• _SUPPLIED DATA_
--- --- ---

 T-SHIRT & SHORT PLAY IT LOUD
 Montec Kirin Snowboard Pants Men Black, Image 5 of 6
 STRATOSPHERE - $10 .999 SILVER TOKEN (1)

--- --- ---

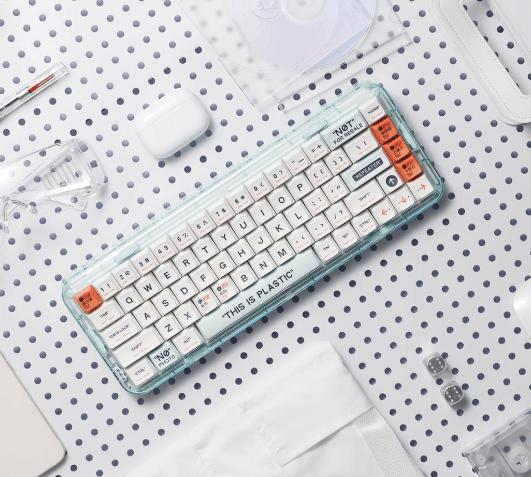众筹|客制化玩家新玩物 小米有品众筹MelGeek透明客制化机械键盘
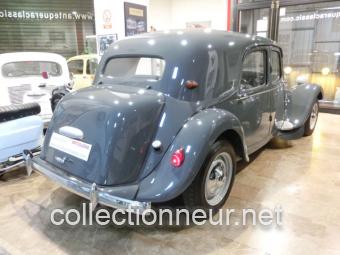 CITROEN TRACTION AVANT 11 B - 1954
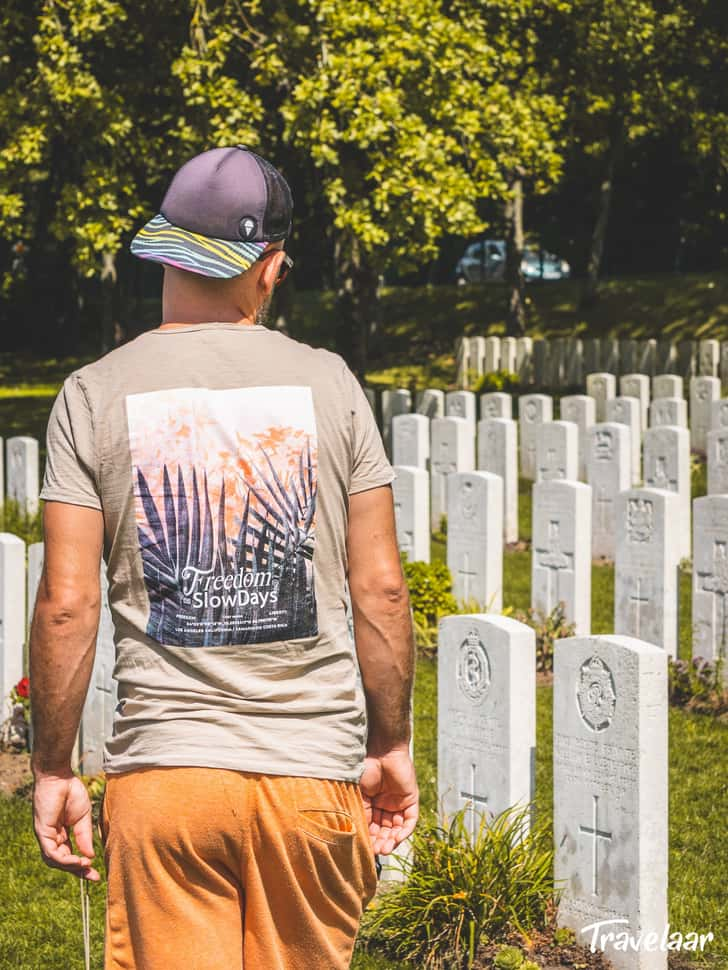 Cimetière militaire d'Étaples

--- --- ---

• _WHAT YOU ARE ASKED TO DO_
Restate word for word the entries above, starting at the line with "T-SHIRT & SHORT PLAY IT LOUD" and ending at the line with "STRATOSPHERE - $10 .999 SILVER TOKEN (1)", inclusive, and no others.

• _COMPLETED EXERCISE_
 T-SHIRT & SHORT PLAY IT LOUD
 Montec Kirin Snowboard Pants Men Black, Image 5 of 6
 STRATOSPHERE - $10 .999 SILVER TOKEN (1)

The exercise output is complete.